Tentu saja tidak semua pemilik kekuasaan menggunakan kekuasaannya untuk kepentingan dirinya seperti apa yang telah saya jelaskan tadi. Ada juga mereka yang dengan kekuasaannya menolong orang lain. Seperti yang sudah saya sebutkan terkadang bapak marinir di Juanda menolong para supir untuk mengambilkan tiket parkir dari mesin di pintu masuk area bandara. Tetapi entah saya yang terlalu perasa, entah memang begitu kenyataannya, hanya sedikit dari mereka yang memiliki kekuasaan yang pernah saya jumpai bisa memahami bahwa kekuasaannya sebaiknya dipergunakan untuk memberi kemaslahatan pada siapa saja. Tidak hanya untuk dirinya. Bayangkan saja berapa besar kemanfaatan yang bisa diberikan oleh seorang ayah ketika kekuasaannya di keluarga digunakannya untuk memerintahkan anak-anaknya untuk berbuat kebaikan, melarang mereka untuk berbuat kejahatan dan seterusnya.

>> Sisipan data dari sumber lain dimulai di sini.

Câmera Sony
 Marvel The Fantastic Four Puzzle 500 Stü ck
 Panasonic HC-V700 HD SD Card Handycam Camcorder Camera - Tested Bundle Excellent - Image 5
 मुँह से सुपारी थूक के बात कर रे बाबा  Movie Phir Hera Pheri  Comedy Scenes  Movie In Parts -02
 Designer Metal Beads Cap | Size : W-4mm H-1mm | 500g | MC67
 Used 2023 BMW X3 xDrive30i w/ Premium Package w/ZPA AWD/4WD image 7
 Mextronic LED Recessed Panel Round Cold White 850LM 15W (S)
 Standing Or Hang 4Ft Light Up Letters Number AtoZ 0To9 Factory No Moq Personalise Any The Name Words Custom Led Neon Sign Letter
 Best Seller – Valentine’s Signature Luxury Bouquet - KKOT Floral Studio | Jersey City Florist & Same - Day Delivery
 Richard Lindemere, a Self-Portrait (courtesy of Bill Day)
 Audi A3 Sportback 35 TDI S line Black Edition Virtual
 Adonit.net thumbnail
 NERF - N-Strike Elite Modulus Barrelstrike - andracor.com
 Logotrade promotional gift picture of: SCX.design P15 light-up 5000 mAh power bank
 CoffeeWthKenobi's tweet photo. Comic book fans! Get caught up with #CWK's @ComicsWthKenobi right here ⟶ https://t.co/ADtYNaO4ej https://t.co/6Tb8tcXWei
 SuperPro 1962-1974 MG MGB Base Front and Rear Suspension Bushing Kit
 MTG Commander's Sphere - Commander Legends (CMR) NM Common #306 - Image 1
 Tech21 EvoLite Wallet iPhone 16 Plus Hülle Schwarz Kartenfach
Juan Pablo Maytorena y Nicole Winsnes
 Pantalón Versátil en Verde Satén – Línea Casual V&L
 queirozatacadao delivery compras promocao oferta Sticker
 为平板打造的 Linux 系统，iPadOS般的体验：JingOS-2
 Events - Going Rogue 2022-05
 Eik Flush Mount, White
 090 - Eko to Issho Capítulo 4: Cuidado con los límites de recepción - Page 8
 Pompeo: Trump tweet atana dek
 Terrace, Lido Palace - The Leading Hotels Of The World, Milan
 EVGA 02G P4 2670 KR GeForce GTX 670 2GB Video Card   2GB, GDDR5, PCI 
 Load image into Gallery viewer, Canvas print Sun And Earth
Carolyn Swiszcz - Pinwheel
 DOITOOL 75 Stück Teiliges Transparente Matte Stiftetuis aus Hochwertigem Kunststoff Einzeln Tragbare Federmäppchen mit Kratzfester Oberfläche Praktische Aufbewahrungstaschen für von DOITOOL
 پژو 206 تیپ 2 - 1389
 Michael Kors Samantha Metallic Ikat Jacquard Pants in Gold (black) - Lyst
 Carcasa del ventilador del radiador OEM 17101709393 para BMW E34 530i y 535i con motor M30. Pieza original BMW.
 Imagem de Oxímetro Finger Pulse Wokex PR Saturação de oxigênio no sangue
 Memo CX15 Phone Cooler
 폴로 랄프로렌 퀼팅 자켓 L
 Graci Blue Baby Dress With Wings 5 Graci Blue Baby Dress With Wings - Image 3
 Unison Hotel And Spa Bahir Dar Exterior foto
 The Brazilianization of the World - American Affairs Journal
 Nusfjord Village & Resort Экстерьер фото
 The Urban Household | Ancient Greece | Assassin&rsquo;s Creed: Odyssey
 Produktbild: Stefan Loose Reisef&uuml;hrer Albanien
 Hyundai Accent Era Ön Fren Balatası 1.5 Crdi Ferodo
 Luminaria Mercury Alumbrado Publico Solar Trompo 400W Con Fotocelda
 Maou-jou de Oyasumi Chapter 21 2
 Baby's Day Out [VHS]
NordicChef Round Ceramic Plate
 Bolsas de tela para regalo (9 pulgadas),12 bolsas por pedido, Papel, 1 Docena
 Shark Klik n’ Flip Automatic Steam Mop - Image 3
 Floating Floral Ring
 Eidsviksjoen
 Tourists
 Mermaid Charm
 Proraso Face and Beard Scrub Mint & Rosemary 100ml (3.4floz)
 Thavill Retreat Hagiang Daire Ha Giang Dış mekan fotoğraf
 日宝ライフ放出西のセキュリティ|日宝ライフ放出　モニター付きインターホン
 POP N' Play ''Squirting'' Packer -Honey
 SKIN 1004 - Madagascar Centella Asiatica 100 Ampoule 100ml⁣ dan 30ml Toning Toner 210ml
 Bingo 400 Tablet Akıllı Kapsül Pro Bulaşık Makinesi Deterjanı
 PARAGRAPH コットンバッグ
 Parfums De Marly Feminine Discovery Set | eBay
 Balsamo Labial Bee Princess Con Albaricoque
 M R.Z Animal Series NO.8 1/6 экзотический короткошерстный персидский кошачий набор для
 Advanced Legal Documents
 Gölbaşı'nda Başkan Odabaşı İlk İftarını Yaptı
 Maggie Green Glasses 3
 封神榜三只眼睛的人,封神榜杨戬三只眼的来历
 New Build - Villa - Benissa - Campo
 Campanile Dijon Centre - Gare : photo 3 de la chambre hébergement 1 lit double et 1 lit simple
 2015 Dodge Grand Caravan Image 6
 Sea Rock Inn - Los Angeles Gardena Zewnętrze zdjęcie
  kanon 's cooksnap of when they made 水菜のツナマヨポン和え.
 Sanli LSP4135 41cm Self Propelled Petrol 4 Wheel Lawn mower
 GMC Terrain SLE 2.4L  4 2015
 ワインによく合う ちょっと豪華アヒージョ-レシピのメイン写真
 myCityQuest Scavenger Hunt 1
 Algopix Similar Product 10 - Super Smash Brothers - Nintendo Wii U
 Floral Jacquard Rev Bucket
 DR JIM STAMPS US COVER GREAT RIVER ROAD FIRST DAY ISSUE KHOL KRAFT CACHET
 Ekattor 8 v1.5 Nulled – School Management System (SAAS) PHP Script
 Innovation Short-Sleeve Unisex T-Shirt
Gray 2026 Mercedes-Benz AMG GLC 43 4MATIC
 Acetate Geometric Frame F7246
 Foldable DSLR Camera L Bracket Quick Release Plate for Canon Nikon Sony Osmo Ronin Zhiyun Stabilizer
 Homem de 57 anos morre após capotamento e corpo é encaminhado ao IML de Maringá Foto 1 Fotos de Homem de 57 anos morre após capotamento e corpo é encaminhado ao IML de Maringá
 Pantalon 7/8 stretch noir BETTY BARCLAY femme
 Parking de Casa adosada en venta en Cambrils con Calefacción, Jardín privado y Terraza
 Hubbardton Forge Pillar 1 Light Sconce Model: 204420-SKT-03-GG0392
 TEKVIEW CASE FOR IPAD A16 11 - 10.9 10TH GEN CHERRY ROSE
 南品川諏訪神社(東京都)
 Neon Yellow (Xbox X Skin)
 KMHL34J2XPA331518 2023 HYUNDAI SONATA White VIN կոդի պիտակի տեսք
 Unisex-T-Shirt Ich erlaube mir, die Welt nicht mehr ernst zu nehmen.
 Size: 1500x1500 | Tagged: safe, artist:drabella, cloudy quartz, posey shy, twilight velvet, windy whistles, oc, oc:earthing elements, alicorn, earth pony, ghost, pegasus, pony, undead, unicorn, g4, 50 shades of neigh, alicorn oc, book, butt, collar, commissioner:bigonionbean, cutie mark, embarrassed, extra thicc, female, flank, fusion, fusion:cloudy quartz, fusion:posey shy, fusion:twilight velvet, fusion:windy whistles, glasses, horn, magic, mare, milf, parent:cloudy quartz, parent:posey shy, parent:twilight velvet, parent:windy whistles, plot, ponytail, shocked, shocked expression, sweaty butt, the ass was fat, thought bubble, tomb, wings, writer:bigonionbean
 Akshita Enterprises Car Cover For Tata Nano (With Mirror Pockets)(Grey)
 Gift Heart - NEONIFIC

Saya berharap sekaligus berdo’a bahwa semua civitas akademika di universitas kita yang kita cintai bersama ini, khususnya pada mahasiswa yang sedang menimba ilmu, jika suatu hari mereka memiliki kekuasaan di bidang apapun itu, maka mereka dapat menggunakan kekuasaan itu untuk berbagai kemaslahatan. Mengutip salah satu definisi yang dikemukakan oleh Thomas M Magstadt dalam bukunya “Understanding Politics: Ideas, Institutions, and Issues” (Belmont, 2009:5), kekuasaan adalah “the ability of governments, and of governmental leaders, to make and enforce rules and to influence the behavior of individuals or groups…” kemampuan pemerintah-pemerintah atau pemimpin-pemimpin pemerintah untuk membuat atau menetapkan peraturan-peraturan dan untuk mempengaruhi sikap individu-individu atau kelompok-kelompok, tentu bisa dipahami betapa besar peran para pemimpim, mereka yang memiliki kekuasaan untuk menciptakan kebaikan, atau sebaliknya keburukan bagi lingkungannya, bagi orang-orang yang dipimpinnya. Para pemimpin harus bisa menunjukkan sikap yang baik, yang menghargai hak orang lain, yang menghormati hukum yang dibuatnya, jika ingin orang-orang yang berada dalam kepemimpinannya juga bersikap baik. Dengan demikian, sikap yang ditunjukkan oleh bapak anggota militer yang menggunakan mobil dinasnya, memotong jalur antrian mobil yang sudah teratur dengan sesuka hatinya, tentulah tidak patut untuk ditiru.